What day is it?
What time is it?
When was the last time I went grocery shopping?
When was baseball season supposed to start?
How did I spend my days before all this?
Who am I?

The days and time are all running together.  Yesterday Eli and I had a lengthy conversation about what day it was.  Sure, we could have looked at a phone and found out really quickly, but where is the challenge in that?

Sometimes I am overwhelmed thinking about all the devastation this virus is causing other times I wonder what life will be like when we leave our houses again.  Will we wear masks to soccer matches and concerts?  Will there be soccer matches and concerts?  What will flying be like?  Will they sell every other seat so that we can semi-social distance in a plane?

One thing that I ask myself daily is who have I become?

I used to get up every morning and walk the dog, drop Gabe off at school, teach some kids and hopefully bring some positive influence into their lives, then I maybe squeeze in a workout, make dinner, do laundry, perhaps read a bit or watch a show and head to bed.  Sometimes there were other drop-offs and pickups, matches to watch, gatherings to attend, or errands to run.

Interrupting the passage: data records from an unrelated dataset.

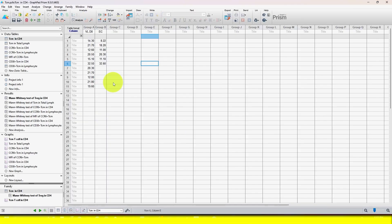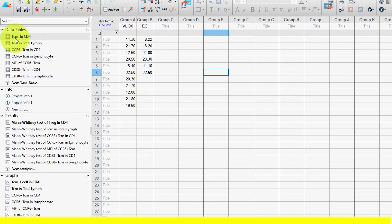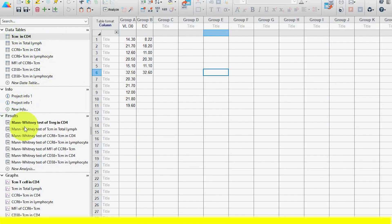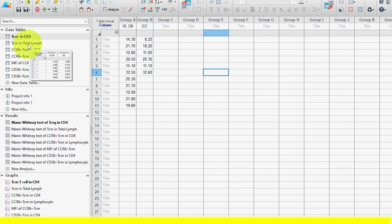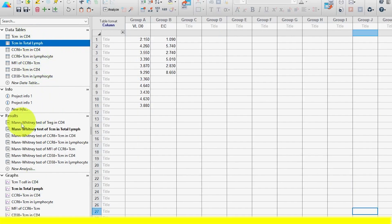Here you can see on my screen, I have a Prism file in which you can see at the left side the data table. I have 7 files and also the associated result and graph files. If you notice, file 1 in the data table is highlighted, and likewise the result and graph files are highlighted. And if you select the second file in the data table, you can see the associated file highlighted in the result and graph section.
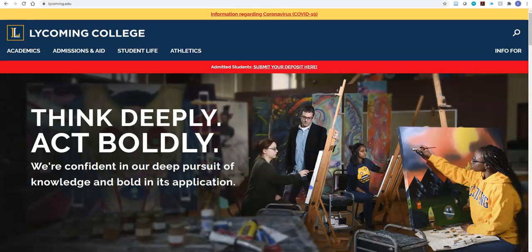This video is intended to teach Lycoming College students how to access their cloud-based storage and network storage so you can save any documents or research to this space provided to you by Lyco.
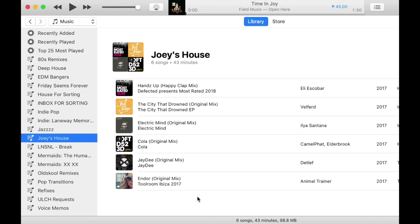Okay, now in Serato DJ Lite, you can do the same thing. This time, playlists are called crates. It's helpful to use crates when you'd rather prepare your music in Serato DJ Lite.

These days I wake up much later, do a little workout, grab breakfast, go for a run and/or walk the dog, I make meals, do laundry, and read too much news.  I practice Spanish lessons online, do puzzles, roam around the house looking for where I left myself.  I clean "high touch" points endlessly, I wash my hands every 30 seconds, I worry about setting up online delivery of groceries and I wake up 5 times in the night.

I have masks, bleach wipes and sanitizer in my car.  I went to the gas station with Eli today and paid for his gas because I was afraid he wouldn't use the bleach wipes to clean off the gas pump and keypads and wouldn't sanitize his hands before he got back in the car. I wear a buff when I take the dog for a walk or go for a run.  I cross the street when I am within 100 feet of crossing paths with another dog walker or runner to keep a solid 6 to 600 feet distance.  I race to the door to thank the delivery people.  I got violently mad when I saw a car cut off a FedEX truck yesterday and threw a tantrum when a family was walking 4 wide on the trail and didn't bother to switch to single-file when I came up to them.

It was just announced that we will not be returning to in-person school for the remainder of the year.  It will be 6 months from the time we left campus for the last time in March until we return again in September.  When I heard the news I cried...that last hope of hanging on to the piece of me that is/was teaching was gone.

I guess I have plenty of time to figure out who I am becoming, and who I want to be.